# Orange beach. Surf or Gulf Pier?



## chadh (Dec 17, 2012)

Headed to OB for the weekend in a couple weeks. Whats my best bet for fishing? I've done a ton of surf fishing on Dauphin island off the beach, but was curious if the peer is a better chance at catching fish near OB?

Thanks


----------



## pompanostradamus (Oct 17, 2007)

Depending on how you're geared up, I would plan to do both. The pier will offer the same species you can reach from the beach but you will get caught up in the beginning of cobia season so there could be crowds. Walking down to the beach from where you'll be in OB may be more convenient than driving to the pier in GS. Good luck.


----------



## PAWGhunter (Feb 3, 2010)

Definitely hit the pier while you are here! Its one of the nicest fishing piers I've personally ever seen and the people on the Gulf Shores pier are actually pretty friendly. Multiple bathrooms, cleaning stations, benches, water spickets every 50ft, shaded areas and great variety in fish to catch.
BTW...fishing the pier in Gulf Shores still requires a Alabama saltwater license.
Good luck and have fun


----------



## Chris V (Oct 18, 2007)

The surf bite has been awesome, but I would plan for the possibility of Spanish, kings, cobia, etc that may be biting when you get here


----------



## chadh (Dec 17, 2012)

Normally keep a double drop set up bottom rig set up on hand rigged to 10 foot rod with a Penn 550 ssg. Any recommendations on anything else to bring?
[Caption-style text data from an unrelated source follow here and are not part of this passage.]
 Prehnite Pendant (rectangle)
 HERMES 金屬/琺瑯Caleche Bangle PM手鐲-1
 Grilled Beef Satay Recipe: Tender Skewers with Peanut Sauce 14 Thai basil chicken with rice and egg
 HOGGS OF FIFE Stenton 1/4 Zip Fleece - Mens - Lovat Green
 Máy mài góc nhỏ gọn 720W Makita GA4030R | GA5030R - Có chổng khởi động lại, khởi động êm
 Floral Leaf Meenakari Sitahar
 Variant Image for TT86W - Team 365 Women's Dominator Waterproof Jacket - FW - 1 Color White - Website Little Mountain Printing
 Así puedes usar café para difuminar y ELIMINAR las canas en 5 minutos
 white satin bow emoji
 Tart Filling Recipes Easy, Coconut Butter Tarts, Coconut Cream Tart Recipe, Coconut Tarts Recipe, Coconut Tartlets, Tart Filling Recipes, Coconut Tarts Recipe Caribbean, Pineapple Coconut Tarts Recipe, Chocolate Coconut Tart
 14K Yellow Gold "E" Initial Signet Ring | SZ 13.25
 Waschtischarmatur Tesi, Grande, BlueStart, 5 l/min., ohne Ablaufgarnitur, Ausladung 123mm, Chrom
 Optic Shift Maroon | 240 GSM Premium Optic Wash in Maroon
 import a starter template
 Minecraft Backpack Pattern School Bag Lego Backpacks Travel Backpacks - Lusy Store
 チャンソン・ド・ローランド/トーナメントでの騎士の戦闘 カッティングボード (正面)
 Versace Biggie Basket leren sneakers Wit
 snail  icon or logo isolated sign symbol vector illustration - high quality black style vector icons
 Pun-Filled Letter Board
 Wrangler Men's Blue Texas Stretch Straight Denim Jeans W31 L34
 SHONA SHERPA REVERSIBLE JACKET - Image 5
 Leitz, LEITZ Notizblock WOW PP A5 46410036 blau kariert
Thats the only rod/reel set up I currently have available since the rest are back home


----------



## Pier#r (Oct 2, 2007)

You could buy an inexpensive ($40) inshore setup (7' medium spin with 10-12# mono) that would be great for sheepshead or spanish (or whiting and pompano) from the pier.
And you could use it to throw jigs in the surf while waiting for a bite on your long pole.

Perdido Pass jetties offer some good options too on sheepshead, redfish, pompano and (soon) spanish.


----------